Sorry to hear of your loss but glad tank is ok now.


----------



## rlrhino (May 28, 2012)

oh no  hopefully all is well for you now! the only thing I could think of would be to net out as much as possible and to do a bunch of water changes! sorry to hear about one of your fish :/ this reminds me of the time when I was letting my younger cousin feed my betta... I told her just one (pellet) but she thought I meant one pinch... long story short, my betta got a 100% water change that day


----------



## robotman (Oct 1, 2012)

Are the fish breathing and acting normal?

You might also want to do a nitrate test. Even if your filter is doing great, it may have done extra cycling with all the extra food resulting in a build up of nitrates. Only way to lower is with water changes. The bigger the change, the more efficient. 

A healthy tank will usually only have nitrates crawl up over time. Only plants will naturally remove it, so that's why almost everyone has to do water changes no mater how good their filtration.

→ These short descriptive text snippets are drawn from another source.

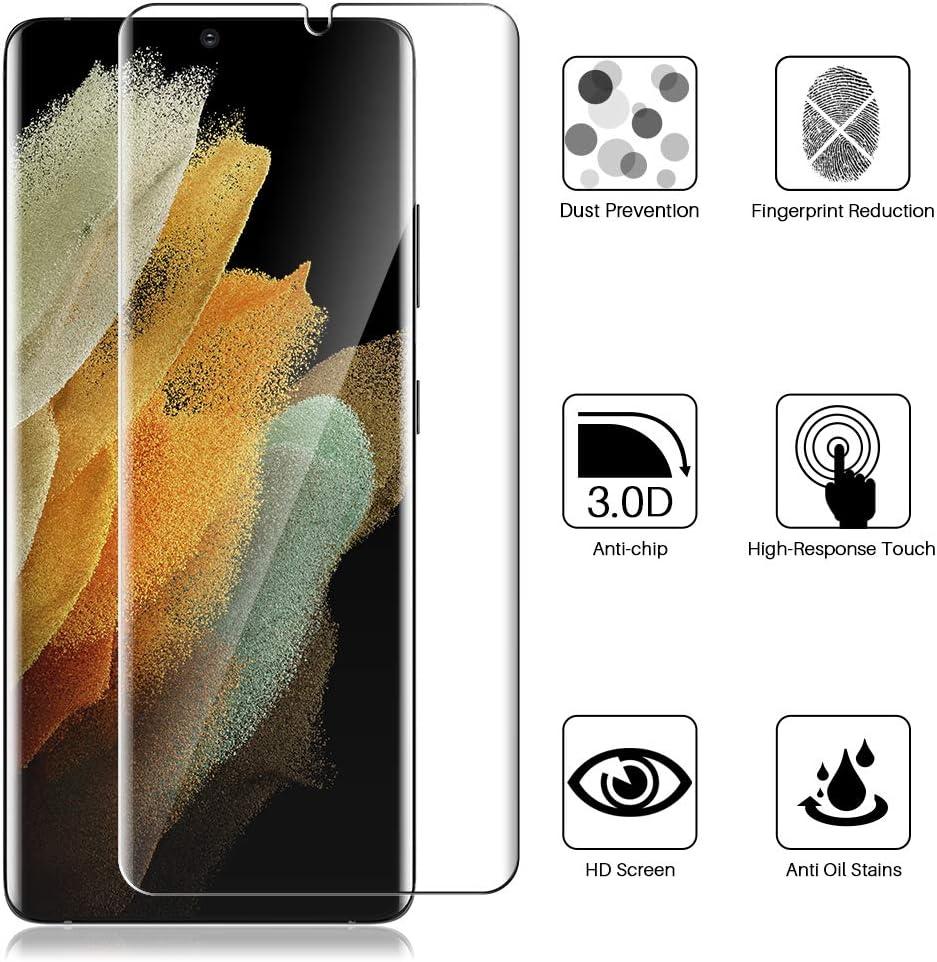 Tempered Glass Screen Protector for Samsung Galaxy S21 Ultra – Anti-Scratch, Full Coverage & HD Clarity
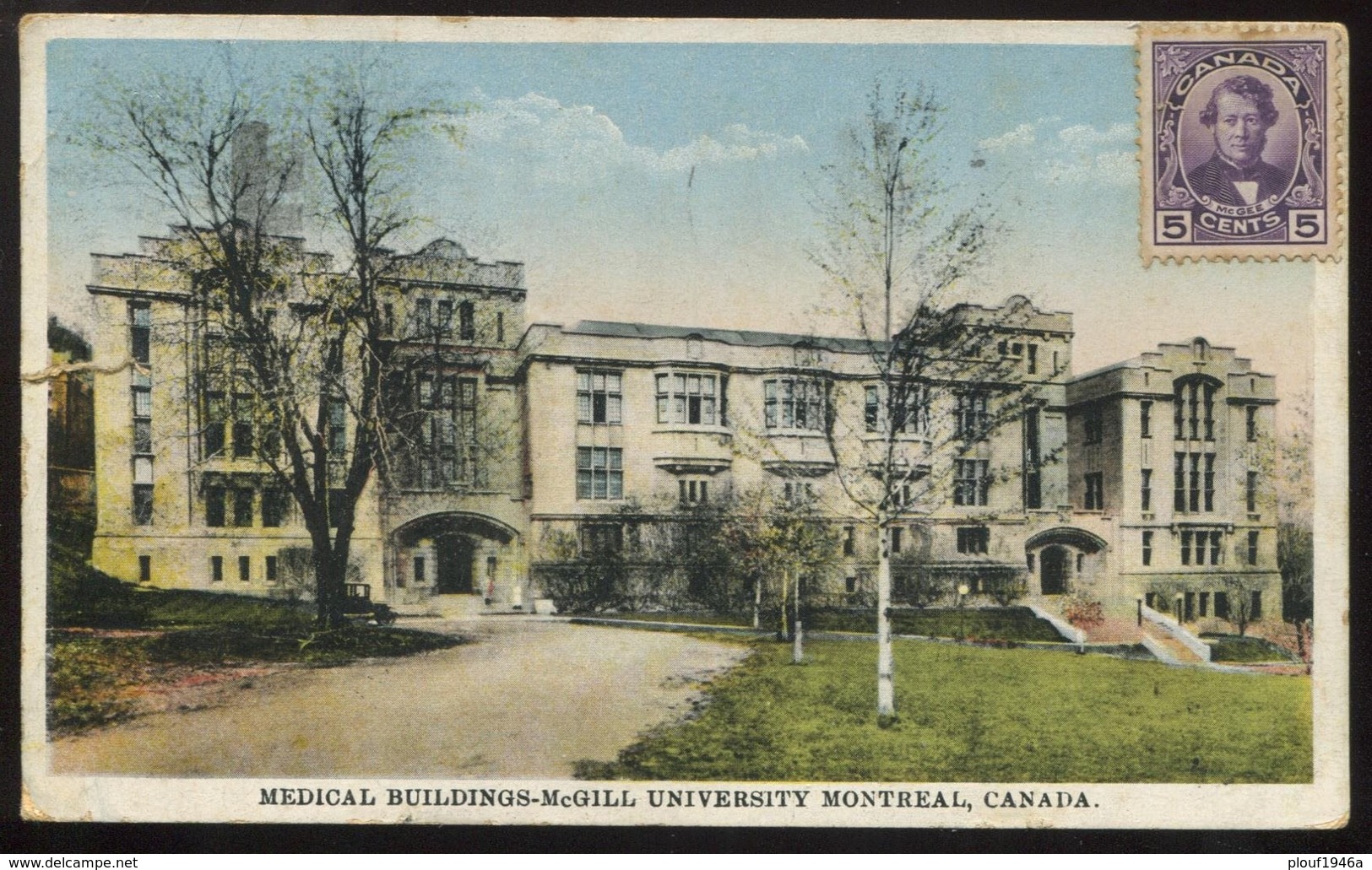 1929 "carte Postale" Medical Buildings-McGill University, Montreal - Montreal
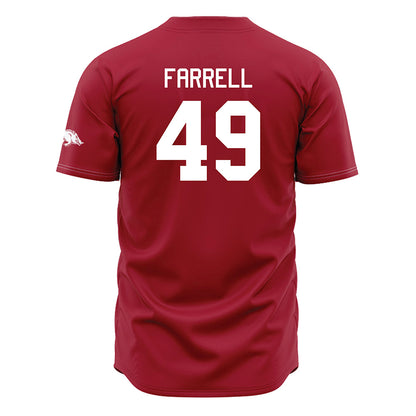 Arkansas - NCAA Baseball : Jackson Farrell - Cardinal Jersey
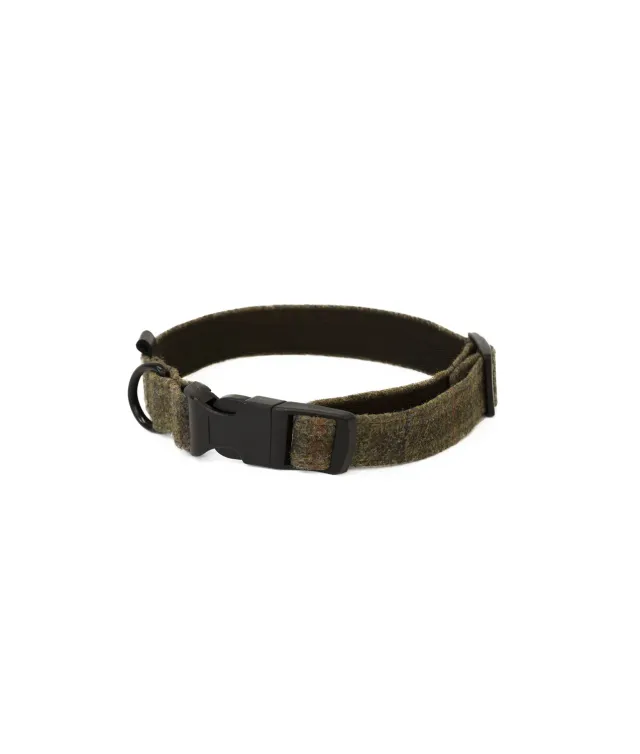 John Partridge Partridge & Pooch Dog Collar hundehalsbånd brunt voksbehandlet tweed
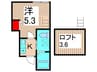 T-flat綾瀬 1Kの間取り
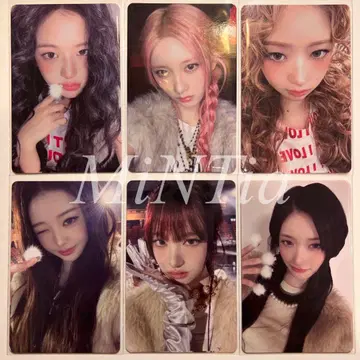 IVE revive+ 회장 한정판 트레이딩 카드 교세라 6장 컴프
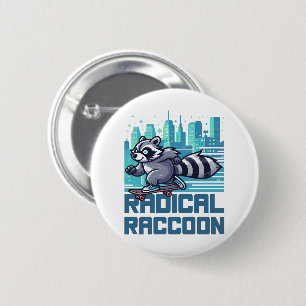 Badge Rond 5 Cm Raton Radical Urbain Skateboardeur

Also, if you didn't do so, I'd highly recommend cleaning the gravel. Or at least stir it up a bit during your next water change. It's possible a lot of food is sitting their waiting to decompose.

Glad to hear most of the fish seem to be recovering!


----------



## alhays31808 (Aug 27, 2011)

yeah, all is good now  I got new fish


----------



## alhays31808 (Aug 27, 2011)

But, apparently, my shrimp got eaten


----------